Friday, December 19, 2014

Scratches.

The shallow scratches are still there.
Another proof of what I dreamt and what happened. 
I assume that I won't be discovered for a while. 
I mean, shallow scratches near my left breast bud? Who will possibly see it?
Not the doctors, they don't expose your skin to this degree. 
And no my mother, I don't allow her to see my privates. 
So it was or breast or vagina, and since I'm preparing to pluck one's hair away, having a cut there won't be very smart, that would just end up being an infection in awkward place, and I definitely don't want doctors to stare at my south regions!
I know, I've lost my privacy when I started harming myself, blah blah blah, but come on, nobody wants doctors try to heal a cut in their vulva!
I don't cut my vulva. 
But he'll, my upper thighs stomach and other "secret" places will be scarred. 
I guess that now is my carving time. 
Practising beautiful pieces on my skin.

I guess that I just didn't expect my relapse to occur so soon.
I mean, about six weeks since my hospitalisation and there I am, losing every single grip I had and completely dedicating myself to the phrase "fuck it."
Sometimes, when there are so many broken pieces, it's better to ruin everything and start again rather then try to fix the fragile building.
I guess I've reached the time where it's nice to start fresh.
I think I'm going to stick with it, it's actually like my sketchbooks, sometimes we just need to refresh and open a new page.
It's about time to break everything.

I think that my self harm is a mere statement currently.
Great, my only working expression method has to be printed on my skin, and to hurt.

I guess that my shower is going to include some mess.
A crimson mess.
A sneaky and evil giggle would suit my words.
Oh! And thunders.

I remember trying to cut myself with the scissors and that I failed miserably, now, I manage to do so.
Let's see how deep can I go!
I need to pee because I'm somehow a still functioning humanoid being.

Okay, I'm simming for quite a while.
My dude and dudette are doing well... Kind of.
My female is nailing her communications degree, and she's quite awesome.
My male, he failed the finales, but he improved his street art skill, I'm now working on his guitar, painting and cooking skill, I surely want some badass guitarist-visual-artist-chef one to marry a ghost and give her some delicious Ambrosia.


Well, goodnight, I didn't harm myself physically today with sharp object [unless my nails are considered sharp] so all I did today was get three large tin cans and one huge button shirt.
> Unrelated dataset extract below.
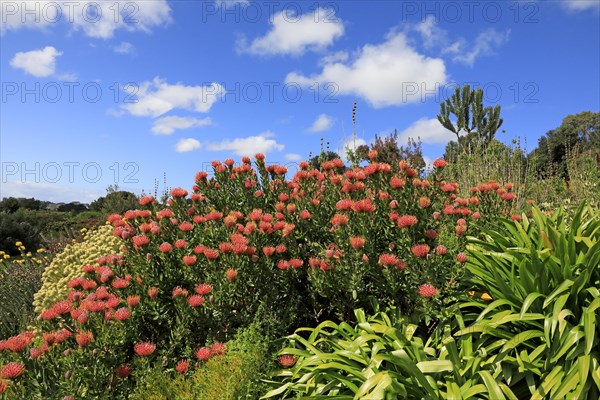 Pincushion Protea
Actually I got more to say. 
I absoultely hate myself and I want to stop eating, I want to lose every piece of my body until I vanish. 
I want to disappear and just leave my boney figure striped with self inflicted scars, gauze pads and fresh wounds. 
Have a chalice to dig into my bones. 

Sure, I'd be in some pretty bad shit, but thinness. 
It'll be my friend, my saviour, my comforter, my lover, my killer, my tormenter, my life. 
I'm going on some light core destruction and risky behaviour.